Il film parla della vita di Bob Dylan, degli inizi della sua carriera come cantante folk, della conquista dell’apice del successo nei primi anni ’60, della controversa svolta verso il rock, dell’incidente di moto e del conseguente ritiro dalle scene fino all’ultima parte della sua carriera. Haynes è riuscito a scoprire nuove informazioni sulla vita, già analizzata a fondo, della leggenda del rock, soprattutto sulla sua infanzia e sulla sua vita privata, custodita molto gelosamente. Ogni storia esprime un aspetto della versatile personalità di Bob Dylan e ogni storia è stata girata in maniera diversa, in uno stile adatto al tema: Woody (Marcus Carl Franklin), un ragazzo di colore di undici anni sempre in fuga; Robbie (Heath Ledger) un seducente attore, sempre in viaggio; Jude (Cate Blanchett) la giovane rockstar androgina; John/Jack (Christian Bale) un idolo del folk che si reinventa come evangelista; Billy (Richard Gere), il famoso fuorilegge, che ormai ha una certa età, che è vivo solo per miracolo.
I’m Not There è un lavoro geniale e impressionistico “ispirato alla vita e alla musica di Bob Dylan”. Più che un biopic convenzionale, il film consiste in una serie di storie intrecciate fra loro, ognuna delle quali esprime un aspetto della personalità volubile di Dylan. I produttori hanno definito così, i protagonisti di queste storie: “il menestrello delle pianure del sud, il profeta del folk, il poeta visionario, il Giuda elettrico, il divo inossidabile, il predicatore evangelico, il cowboy solitario” – e questo è solo l’inizio.

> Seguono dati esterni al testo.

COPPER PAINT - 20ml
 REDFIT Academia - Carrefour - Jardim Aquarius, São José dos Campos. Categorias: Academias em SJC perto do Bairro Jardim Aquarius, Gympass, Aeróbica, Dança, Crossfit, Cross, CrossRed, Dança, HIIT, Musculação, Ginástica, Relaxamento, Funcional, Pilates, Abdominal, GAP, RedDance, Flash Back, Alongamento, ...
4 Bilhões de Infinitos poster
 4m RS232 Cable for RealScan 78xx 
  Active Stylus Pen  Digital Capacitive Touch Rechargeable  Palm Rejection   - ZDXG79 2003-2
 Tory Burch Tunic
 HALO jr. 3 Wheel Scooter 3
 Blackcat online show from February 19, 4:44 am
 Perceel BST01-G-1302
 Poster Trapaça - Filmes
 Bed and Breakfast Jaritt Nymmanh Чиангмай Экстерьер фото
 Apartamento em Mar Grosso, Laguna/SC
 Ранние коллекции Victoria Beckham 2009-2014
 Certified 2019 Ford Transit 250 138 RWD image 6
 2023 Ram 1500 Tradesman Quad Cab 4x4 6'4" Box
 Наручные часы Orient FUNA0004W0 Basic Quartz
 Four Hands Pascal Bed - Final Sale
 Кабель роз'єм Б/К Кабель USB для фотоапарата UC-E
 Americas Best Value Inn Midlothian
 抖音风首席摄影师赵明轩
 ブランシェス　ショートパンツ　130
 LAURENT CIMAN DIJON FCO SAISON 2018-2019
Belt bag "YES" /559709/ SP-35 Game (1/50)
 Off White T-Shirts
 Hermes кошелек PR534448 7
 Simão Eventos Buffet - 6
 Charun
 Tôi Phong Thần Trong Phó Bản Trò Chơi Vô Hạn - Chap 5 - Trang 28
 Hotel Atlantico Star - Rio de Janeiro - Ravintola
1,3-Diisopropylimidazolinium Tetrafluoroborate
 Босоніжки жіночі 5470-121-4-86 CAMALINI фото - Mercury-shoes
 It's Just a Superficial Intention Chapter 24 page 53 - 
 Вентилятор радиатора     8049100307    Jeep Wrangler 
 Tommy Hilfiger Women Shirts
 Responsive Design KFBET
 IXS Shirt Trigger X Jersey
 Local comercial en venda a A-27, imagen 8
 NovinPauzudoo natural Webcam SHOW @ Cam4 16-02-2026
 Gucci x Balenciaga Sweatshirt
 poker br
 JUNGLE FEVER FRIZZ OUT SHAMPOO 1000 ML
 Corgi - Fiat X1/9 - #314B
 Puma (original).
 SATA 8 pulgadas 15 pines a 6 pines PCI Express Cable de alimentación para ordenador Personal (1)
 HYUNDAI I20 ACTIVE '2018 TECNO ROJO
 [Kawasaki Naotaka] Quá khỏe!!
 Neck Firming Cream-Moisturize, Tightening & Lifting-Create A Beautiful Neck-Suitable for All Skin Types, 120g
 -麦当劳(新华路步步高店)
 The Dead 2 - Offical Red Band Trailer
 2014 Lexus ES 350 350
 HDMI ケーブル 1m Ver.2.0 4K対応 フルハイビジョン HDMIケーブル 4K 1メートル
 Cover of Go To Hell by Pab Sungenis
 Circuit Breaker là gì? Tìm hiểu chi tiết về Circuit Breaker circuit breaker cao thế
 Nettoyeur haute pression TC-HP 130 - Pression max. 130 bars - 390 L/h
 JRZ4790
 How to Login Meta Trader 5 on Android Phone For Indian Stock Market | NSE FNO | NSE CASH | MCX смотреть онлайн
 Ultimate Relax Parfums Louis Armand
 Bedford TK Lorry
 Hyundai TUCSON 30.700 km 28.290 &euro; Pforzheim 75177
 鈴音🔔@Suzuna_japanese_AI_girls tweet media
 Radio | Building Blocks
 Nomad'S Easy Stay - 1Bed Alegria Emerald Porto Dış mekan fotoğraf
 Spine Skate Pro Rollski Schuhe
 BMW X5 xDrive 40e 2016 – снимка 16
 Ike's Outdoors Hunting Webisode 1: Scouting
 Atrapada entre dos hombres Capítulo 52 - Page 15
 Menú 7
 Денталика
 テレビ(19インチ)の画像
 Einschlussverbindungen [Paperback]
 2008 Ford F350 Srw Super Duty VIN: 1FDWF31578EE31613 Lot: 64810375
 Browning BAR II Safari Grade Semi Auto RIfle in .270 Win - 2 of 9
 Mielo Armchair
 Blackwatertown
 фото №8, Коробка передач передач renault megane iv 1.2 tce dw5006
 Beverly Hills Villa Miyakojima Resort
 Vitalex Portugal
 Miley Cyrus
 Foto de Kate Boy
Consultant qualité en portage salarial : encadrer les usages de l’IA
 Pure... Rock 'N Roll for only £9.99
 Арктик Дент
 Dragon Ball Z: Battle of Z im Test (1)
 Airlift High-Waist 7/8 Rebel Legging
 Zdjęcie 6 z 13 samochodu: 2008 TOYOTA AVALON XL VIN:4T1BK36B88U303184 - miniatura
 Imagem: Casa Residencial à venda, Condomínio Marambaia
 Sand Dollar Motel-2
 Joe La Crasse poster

Cinque diversi attori interpretano sei diversi personaggi “dylaniani”. Gli attori sono donne e uomini, bianchi e neri, e vanno dagli 11 anni di un bambino, ai 50 di un uomo maturo. I “Dylan” si chiamano Woody (un bambino nero di 11 anni, sempre in fuga), Robbie (un attore donnaiolo, sempre on the road), Jude (un giovane artista tormentato), John/Jack (l’idolo folk che diventa predicatore), e Billy (il famoso fuorilegge, miracolosamente ancora vivo, ma sta invecchiando). Arthur il poeta punteggia le scene parlando rivolto direttamente in camera.
Le storie sono dense e ingegnose incursioni in alcune fasi della vita di Dylan, che si intrecciano pur restando separate fra loro – ognuna filmata in un modo diverso e in uno stile adeguato al suo tema. Si svolgono in mondi sia reali che immaginari, e sono illustrate e inframmezzate da immagini vere e false di notiziari, filmati di repertorio, voci fuori campo, narrazioni rivolte alla macchina da presa, allucinazioni, sequenze oniriche e, in una scena memorabile, un montaggio subacqueo. Gran parte dell’azione si svolge in America negli anni ’60 e ’70, quando notizie drammatiche e personalità della politica inernazionale irrompevano nelle case per la primissima volta. Quelle immagini familiari – il movimento per i diritti civili, la guerra del Vietnam, le figure incombenti di Lyndon Johnson e Richard Nixon – fanno da sfondo alle storie che via via prendono forma.
Gli autori danno continuità a storie e stili diversi con una colonna sonora corposa e coerente. Il film si apre con l’inno dylaniano all’irrequietezza, Stuck Inside of Mobile with the Memphis Blues Again, prosegue con le altre canzoni di Dylan (originali o cover) in ordine più o meno cronologico, e si chiude opportunamente col suo successo più rappresentativo e internazionale, Like a Rolling Stone. Il regista e sceneggiatore Todd Haynes ha cercato di rendere tutta la complessità e i salti logici che hanno reso famosi in tutto il mondo i testi di Dylan. Data l’immensa copertura mediatica di ogni aspetto della “storia di Bob Dylan”, una biografia tradizionale sarebbe stata superflua, e probabilmente non sarebbe stata accolta con favore dal diretto interessato. Finora è proprio l’unico film sulla sua biografia ad aver ottenuto l’approvazione dell’icona della cultura pop.